TASK:
Please restate the records below verbatim, omitting every image they hold.

MATERIAL FOR THIS EXERCISE:
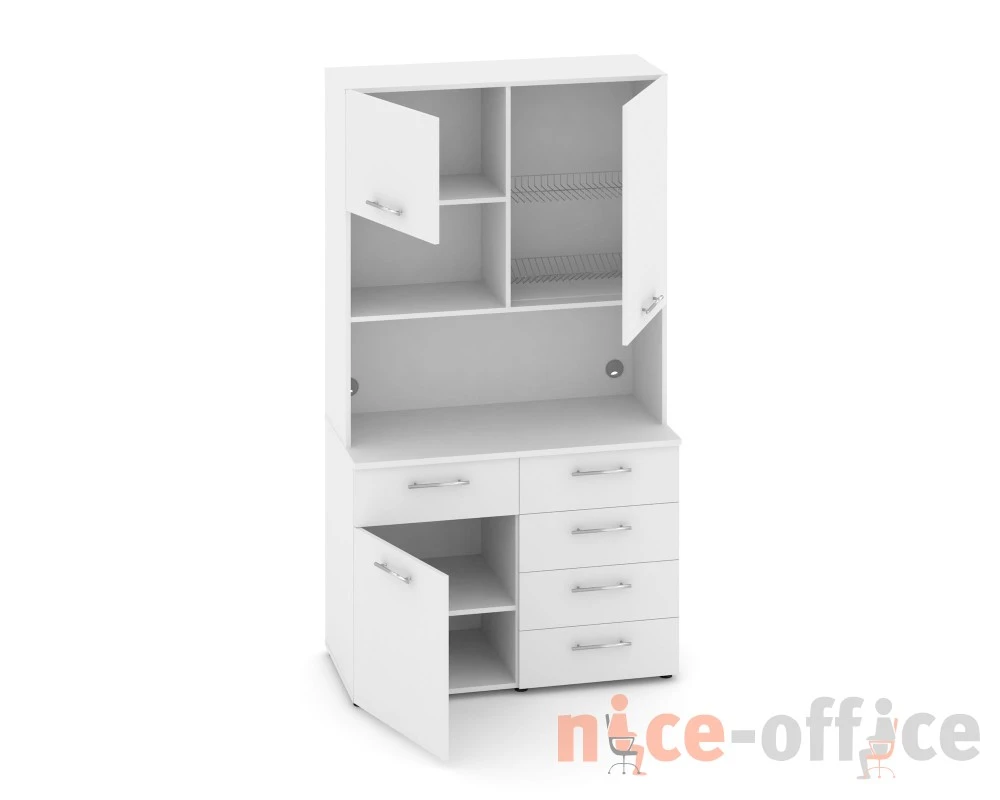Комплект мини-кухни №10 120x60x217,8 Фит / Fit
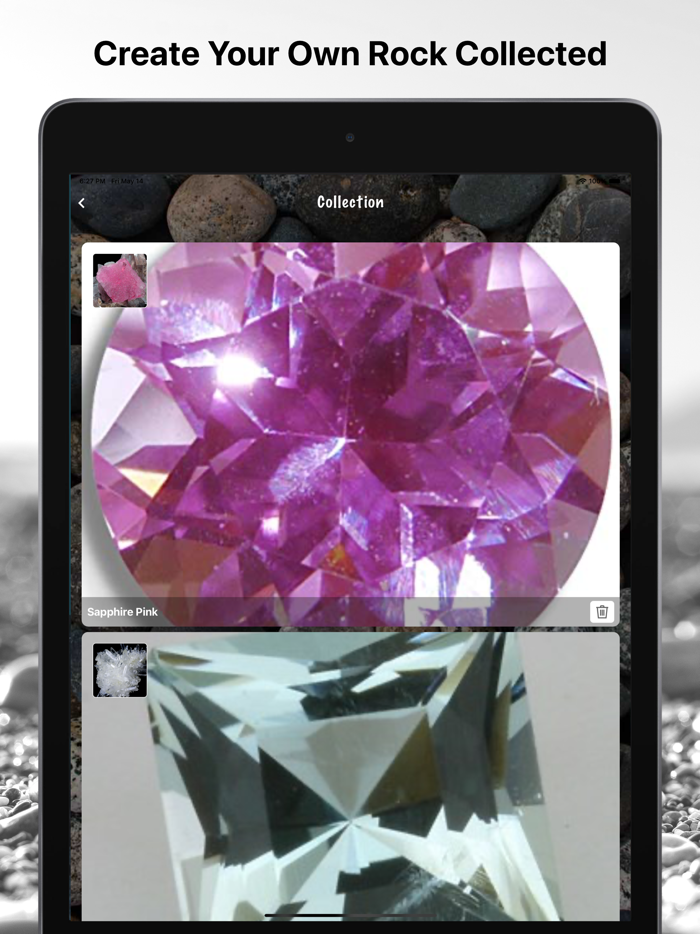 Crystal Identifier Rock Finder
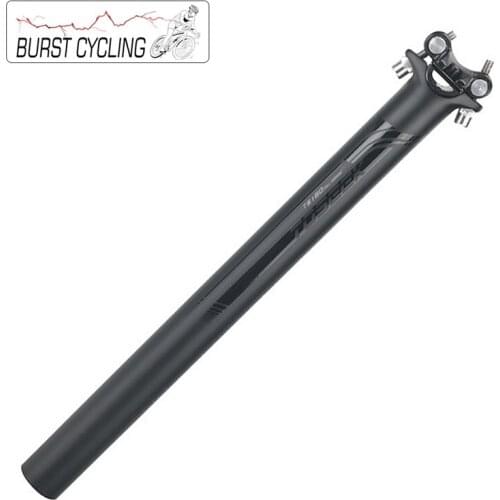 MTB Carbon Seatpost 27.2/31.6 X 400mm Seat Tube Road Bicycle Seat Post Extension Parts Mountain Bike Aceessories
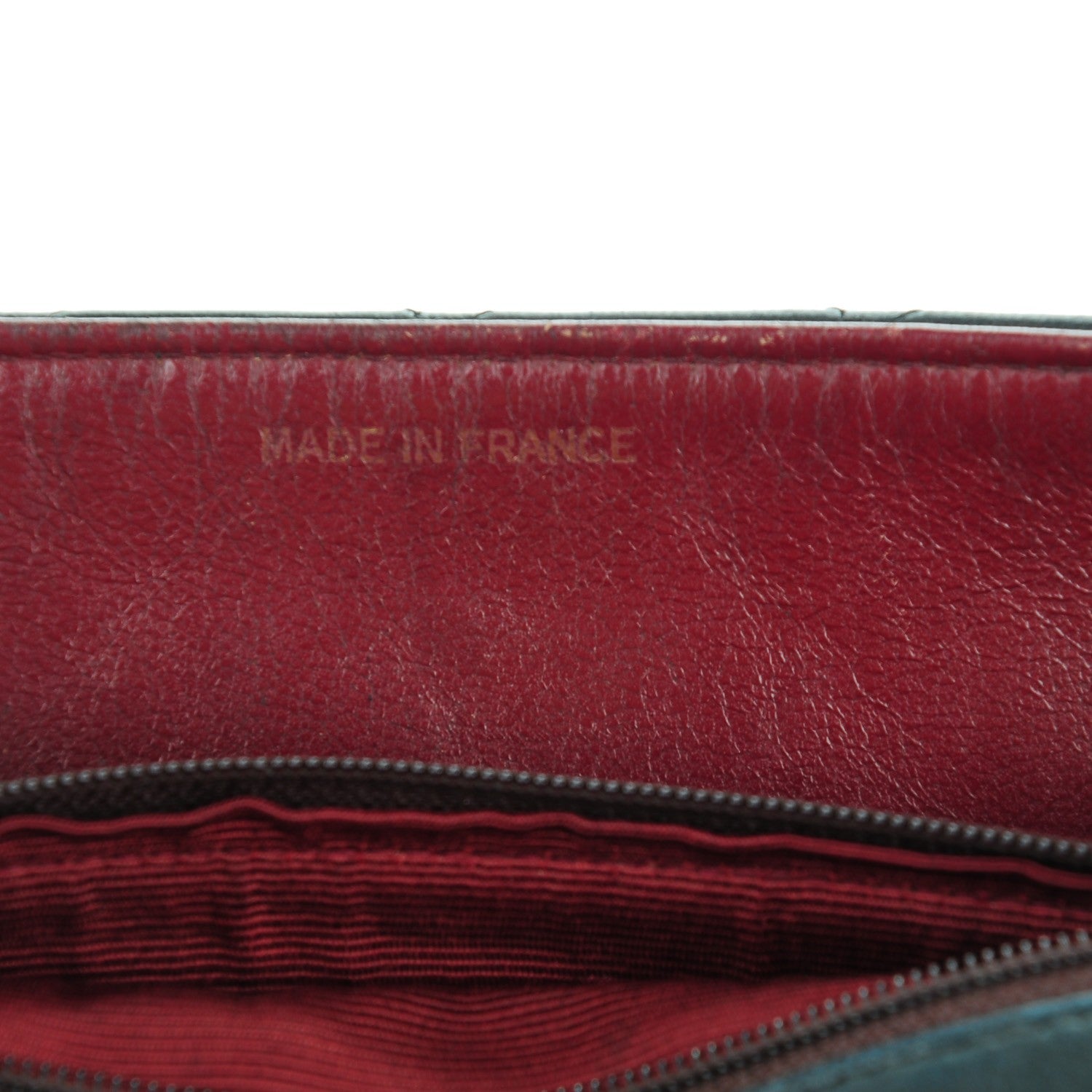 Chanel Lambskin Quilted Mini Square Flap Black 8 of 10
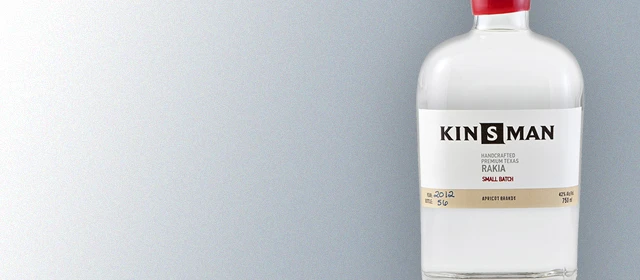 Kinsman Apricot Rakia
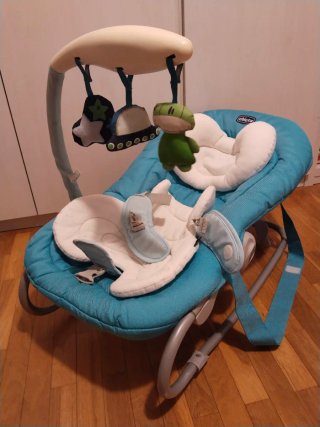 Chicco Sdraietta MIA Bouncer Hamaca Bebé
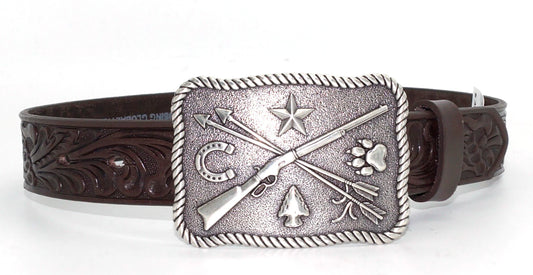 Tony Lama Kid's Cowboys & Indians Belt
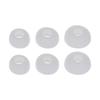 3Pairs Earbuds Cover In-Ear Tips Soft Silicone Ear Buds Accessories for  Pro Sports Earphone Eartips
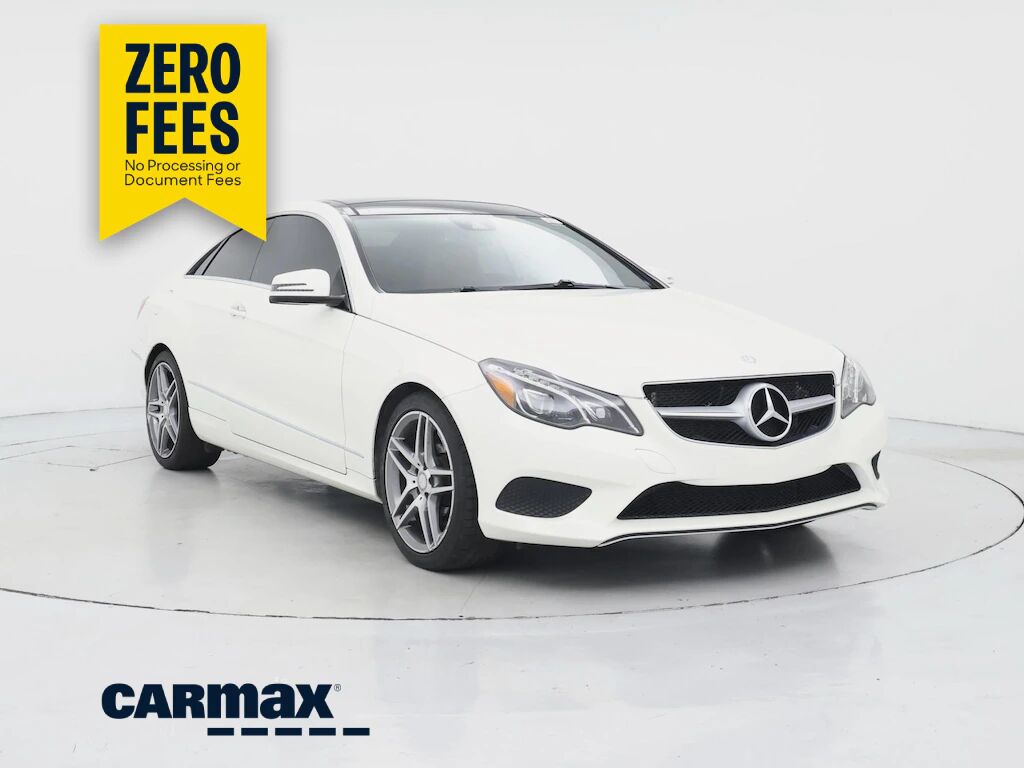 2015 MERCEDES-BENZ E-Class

ANSWER FOR THIS EXERCISE:
Комплект мини-кухни №10 120x60x217,8 Фит / Fit
 Crystal Identifier Rock Finder
 MTB Carbon Seatpost 27.2/31.6 X 400mm Seat Tube Road Bicycle Seat Post Extension Parts Mountain Bike Aceessories
 Chanel Lambskin Quilted Mini Square Flap Black 8 of 10
 Kinsman Apricot Rakia
 Chicco Sdraietta MIA Bouncer Hamaca Bebé
 Tony Lama Kid's Cowboys & Indians Belt
 3Pairs Earbuds Cover In-Ear Tips Soft Silicone Ear Buds Accessories for  Pro Sports Earphone Eartips
 2015 MERCEDES-BENZ E-Class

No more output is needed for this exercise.